Fairway offers the cheapest groceries in Manhattan, and has more sale items than its competitors, according to a Sept. 3 report by Bartashus. Its earnings before interest, taxes, interest and depreciation margin of 1.2 percent compares to 9.26 percent for Whole Foods, which competes with Fairway in New York.
Sterling recouped $86 million in dividends and share sales in the IPO, retaining 81 percent voting control. Included in the $31 million in fees Fairway has paid Sterling is a $9.2 million payment to end its management agreement in connection with the IPO. Since its July 2013 high, the market value of Sterling’s stake has dropped to $64 million from $602 million.
Whole Foods Market Inc., the largest natural-goods grocer in the U.S., paid its board $2.2 million in the fiscal year ended Sept. 29, 2013.
Fairway’s board pay trails only Regeneron Pharmaceuticals Inc., 21st Century Fox Inc. and Diamond Resorts International Inc. in the Russell 3000, according to data compiled by Bloomberg. Regeneron, the Tarrytown, New York-based maker of eye injection Eylea, paid its board $30.6 million, according to its proxy statement. It has a market value of $36 billion.
Rupert Murdoch’s 21st Century Fox, the second-biggest media company in the U.S., paid its directors $16.3 million in the year-ended June 30, 2014, according to the company’s proxy statement. That included $12.3 million given to board member and senior adviser David DeVoe.
Diamond Resorts, which owns vacation properties on six continents, awarded its board $12.6 million, including $10.5 million to director Lowell D. Kraff, mostly because of its IPO. The Las Vegas-based company has a market capitalization of $1.7 billion.
Backed by Blackstone Group LP, Pinnacle Foods Inc. doesn’t pay fees or award stock to Blackstone partners who are on its board. Blackstone bought Pinnacle, the maker of Vlasic pickles and Wish-Bone salad dressings, in 2007 and took it public in
2013. The company paid a $15.1 million termination fee to the world’s largest alternative asset manager when the offering was completed, filings show.
The five members of Blackstone-controlled Hilton Worldwide Holdings Inc.’s board that are Blackstone employees didn’t receive additional compensation for their service last year.

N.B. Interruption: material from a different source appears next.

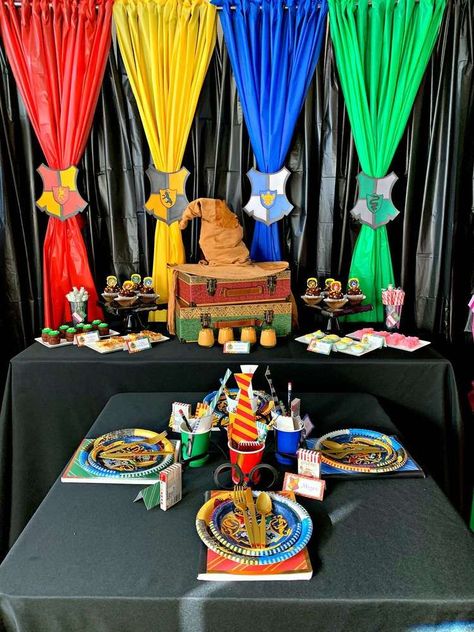 Harry potter food display for your birthday party decor. #harrypotterbirthdayfooddisplay Harry Potter Theme Birthday Party, Harry Potter Motto Party, Harry Potter Birthday Decorations, Harry Potter Weihnachten, Baby Harry Potter, Harry Potter Shower, Festa Power Rangers, Harry Potter Party Decorations, Harry Potter Day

Dunkin’ Brands Group Inc., which was taken public in 2011 by Bain Capital LLC, Carlyle Group LP and Thomas H. Lee Partners LP, also didn’t pay fees to board members from the private equity companies that year, according to its first proxy statement following the IPO.
Sterling co-founder William Selden and partner Michael Barr each received $1.34 million, all except $37,500 of which was in stock awards. Farid Suleman and Stephen L. Key, former members of Sterling’s senior executive advisory board, received $2 million each, $1.9 million of which was in stock, according to the filing. Both sit on Fairway’s compensation committee.